#### WHAT THE TASK REQUIRES:
Would you copy each line of the data below that has "with"?

#### MATERIAL TO PROCESS:
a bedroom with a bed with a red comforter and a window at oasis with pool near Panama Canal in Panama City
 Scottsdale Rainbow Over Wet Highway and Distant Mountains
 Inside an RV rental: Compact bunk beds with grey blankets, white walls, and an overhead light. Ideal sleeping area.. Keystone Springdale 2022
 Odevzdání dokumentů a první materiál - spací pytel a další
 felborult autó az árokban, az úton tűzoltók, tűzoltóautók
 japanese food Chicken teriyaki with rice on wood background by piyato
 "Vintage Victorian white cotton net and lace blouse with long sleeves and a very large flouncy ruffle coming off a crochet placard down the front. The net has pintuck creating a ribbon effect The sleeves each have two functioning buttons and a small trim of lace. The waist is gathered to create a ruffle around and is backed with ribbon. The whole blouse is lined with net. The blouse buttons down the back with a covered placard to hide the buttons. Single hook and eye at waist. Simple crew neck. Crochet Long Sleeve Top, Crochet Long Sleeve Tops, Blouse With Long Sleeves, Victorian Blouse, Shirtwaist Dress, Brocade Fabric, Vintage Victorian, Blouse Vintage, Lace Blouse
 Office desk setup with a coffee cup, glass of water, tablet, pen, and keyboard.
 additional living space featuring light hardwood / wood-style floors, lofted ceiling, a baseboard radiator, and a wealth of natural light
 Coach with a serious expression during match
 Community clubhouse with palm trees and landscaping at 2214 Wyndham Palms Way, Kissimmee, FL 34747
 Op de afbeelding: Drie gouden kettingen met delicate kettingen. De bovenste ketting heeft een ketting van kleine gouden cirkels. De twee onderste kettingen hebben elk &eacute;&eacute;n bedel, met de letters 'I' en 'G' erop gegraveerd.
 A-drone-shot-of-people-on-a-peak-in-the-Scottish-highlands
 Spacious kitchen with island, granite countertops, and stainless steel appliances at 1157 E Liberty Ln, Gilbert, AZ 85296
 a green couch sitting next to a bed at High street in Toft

#### RESULT BELOW:
a bedroom with a bed with a red comforter and a window at oasis with pool near Panama Canal in Panama City
 Inside an RV rental: Compact bunk beds with grey blankets, white walls, and an overhead light. Ideal sleeping area.. Keystone Springdale 2022
 japanese food Chicken teriyaki with rice on wood background by piyato
 "Vintage Victorian white cotton net and lace blouse with long sleeves and a very large flouncy ruffle coming off a crochet placard down the front. The net has pintuck creating a ribbon effect The sleeves each have two functioning buttons and a small trim of lace. The waist is gathered to create a ruffle around and is backed with ribbon. The whole blouse is lined with net. The blouse buttons down the back with a covered placard to hide the buttons. Single hook and eye at waist. Simple crew neck. Crochet Long Sleeve Top, Crochet Long Sleeve Tops, Blouse With Long Sleeves, Victorian Blouse, Shirtwaist Dress, Brocade Fabric, Vintage Victorian, Blouse Vintage, Lace Blouse
 Office desk setup with a coffee cup, glass of water, tablet, pen, and keyboard.
 Coach with a serious expression during match
 Community clubhouse with palm trees and landscaping at 2214 Wyndham Palms Way, Kissimmee, FL 34747
 Spacious kitchen with island, granite countertops, and stainless steel appliances at 1157 E Liberty Ln, Gilbert, AZ 85296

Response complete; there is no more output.